I don't remember exact words during the confrontation, the drive home, the sadness and defeat my father and I felt that night but I do remember having a lot of 'what-if's' after that.


What if I wouldn't have led my father there and just let her come home on her own?

What if my mother would never have taken me to that dreadful place that would always remind me of the demise of my parent's marriage?
Or what if my mother would have just been a mother and came home that night instead of being selfish?

I always figured that once you have kids life is no longer about you, dominoes, beer or other men. It's about your children regardless if you love or loathe their father. Leave the relationship respectively maintaining your honor, your dignity, your integrity, and most of all the self-respect all mother's should value especially when they are blessed with little girls that would eventually look to you as an example.

My mother and father separated right before Christmas that year. She had arranged for us to move in to the 'stranger's' home we had recently found her at. I remember as we had finished loading up her car with our belongings, looking at our Christmas tree, holding my diary and foolishly thinking we would be back.
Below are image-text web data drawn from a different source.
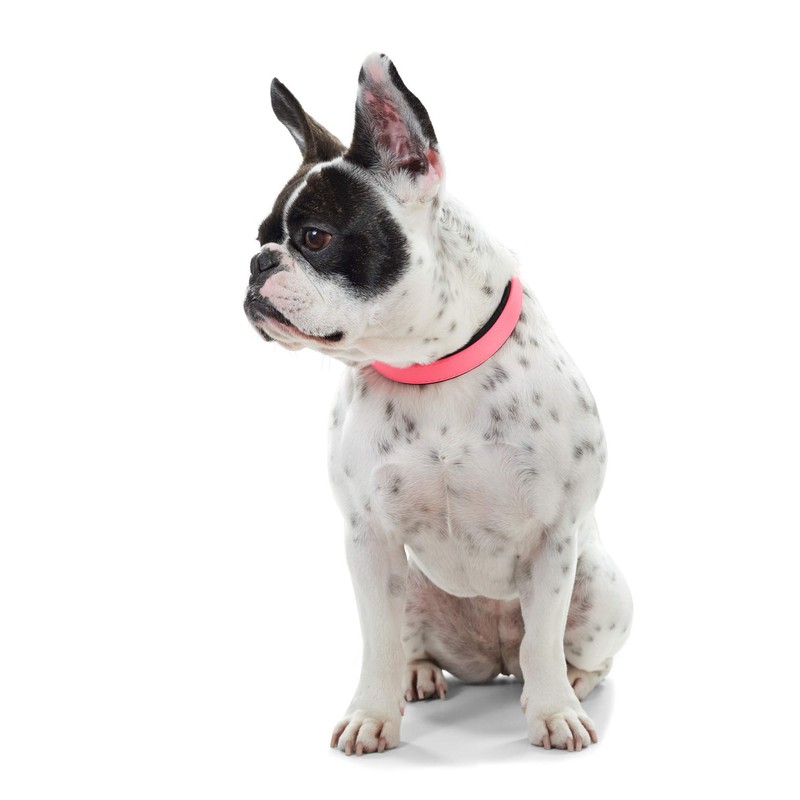 Hunter - Comfort Collar 42-50 cm Convenience pink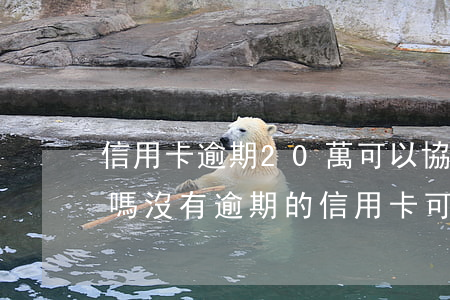 信用卡逾期20萬可以協(xié)商還款嗎(沒有逾期的信用卡可以協(xié)商還款嗎)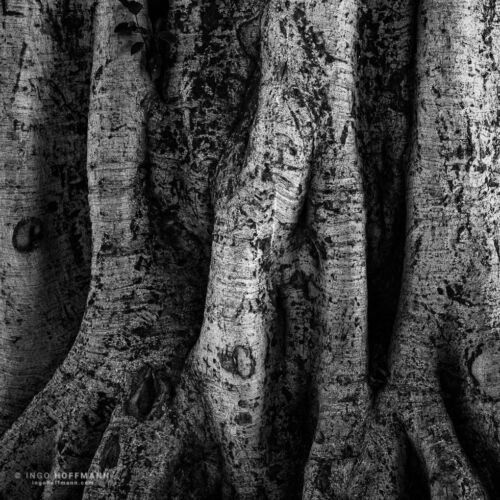 Baum in Telde, Gran Canaria | Referenznummer 20160924_6057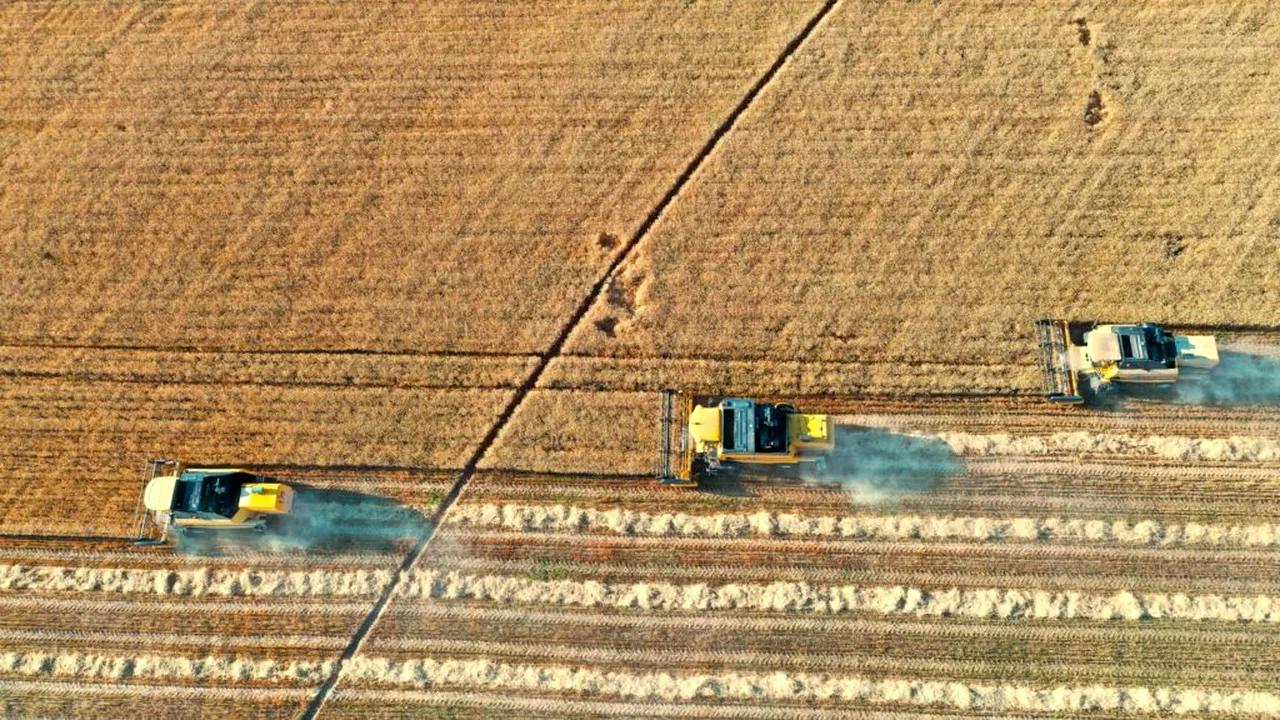 Războiul de la Marea Neagră amenință din nou prețul pâinii. Grâul s-a scumpit cu aproape 6% într-o lună, iar navele sunt împinse spre Constanța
Instead in January, (less than a month later), I caught her kissing this stranger we had moved in with. I ran to the bathroom crying, screaming and feeling betrayed. You would think my mother would have been the one to come and console me but instead the 'stranger's' sister (also a stranger) came and told me everything was going to be OK. I suppose my mother was subliminally prepping me for an upbringing in which she would also be absent, mentally and almost always physically. A childhood where I would have to seek comfort, advice, warmth, affection and attention from other people. Where I would essentially be the one to care for my little sister and I in all these aspects.

Later that night, I secretly watched them dance from our new bedroom that we shared with his two children crying and vowing that I would forever hate the song they danced to and forever hate him for taking my mother away from my father and ultimately away from me and my sister.